Wenn die Nachbarbäume schon austreiben und dein Bonsai noch immer reglos dasteht, lohnt sich ein echter Check statt bloßes Abwarten.

Bonsai treibt im Frühjahr nicht aus

Jeden Frühling kommt dieser Moment, den viele kennen: Ende März oder im April ist im Garten schon alles in Bewegung, und der Bonsai bleibt einfach still. Ich bekomme genau dazu viele Fragen. Meistens hat jemand bei einem Nachbarbaum oder bei einem anderen Baum in der Sammlung schon frische Knospen gesehen, während der eigene noch kein Zeichen von Leben zeigt. Da denkt man schnell an das Schlimmste. Manchmal stimmt das leider auch. Viel öfter aber läuft der Baum einfach nach seinem eigenen Zeitplan.

Nicht jede Art hält sich an denselben Kalender. Manche treiben früh aus, andere deutlich später. Selbst zwei Bäume derselben Art können ein paar Wochen auseinanderliegen, je nachdem, wie sie über den Winter gestanden haben, wie klein der Topf ist und wie kalt und schattig ihr Platz war. Ein Baum im kleineren Topf, dessen Wurzeln stärker der Kälte ausgesetzt waren, hinkt oft hinterher. Ein Standort, der im Frühjahr lange im Schatten liegt, hält die Knospen ebenfalls etwas länger geschlossen. Das allein ist noch kein Problem. Und wichtig ist auch: Hier geht es um winterharte Freiland-Bonsai mit echter Winterruhe. Tropische und subtropische Arten wie Ficus, Jade oder Portulacaria haben keine echte Dormanz. Wenn so ein Baum stumpf wirkt, schaue ich zuerst auf Licht und Wasser, nicht auf den Kalender.

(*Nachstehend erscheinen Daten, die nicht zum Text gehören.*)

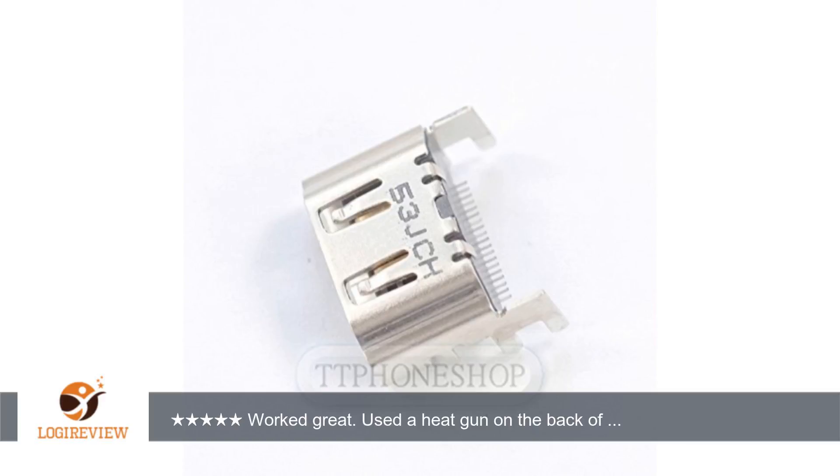Hello, welcome to Best Reviews at YouTube. This item has a rating of 4.6 out of 5 stars.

Was aus normaler Verspätung ein Problem macht, ist die Kombination aus Zeit und Zeichen am Baum. Als grobe Orientierung, und das hängt stark von Art und Klima ab, sind zwei bis drei Wochen hinter dem erwarteten Austrieb meist noch Geduldssache, wenn sonst alles stimmt: unter der Rinde ist es grün, die Zweige bleiben biegsam, die Knospen wirken prall. Ein ganzer Monat oder mehr über dem Zeitpunkt, an dem diese Art vernünftig austreiben sollte, oder braunes Gewebe unter der Rinde, eingetrocknete Knospen, ein muffig riechender Wurzelballen, dann ist es kein Fall mehr für reines Warten. Gerade in Deutschland und anderen mitteleuropäischen Gegenden verschiebt ein kühler Frühling diese Grenze oft nach hinten. Also nicht zu früh nervös werden. Aber wenn die Zeichen schlecht sind, schaue ich mir den Baum richtig an.

Wahrscheinliche Ursachen

Der Baum ist einfach spät dran

Woran du es erkennst: Kratze an ein paar Stellen der Rinde leicht mit dem Fingernagel. Ist das Gewebe darunter grün, lebt der Baum noch. Die Zweige geben dabei meist noch etwas nach und brechen nicht trocken weg. Die Knospen wirken eher prall als schrumpelig. Das sehe ich oft bei Arten, die ohnehin spät austreiben, oder bei Bäumen, die an ihrem Standort einen kälteren Winter abbekommen haben als die Nachbarn.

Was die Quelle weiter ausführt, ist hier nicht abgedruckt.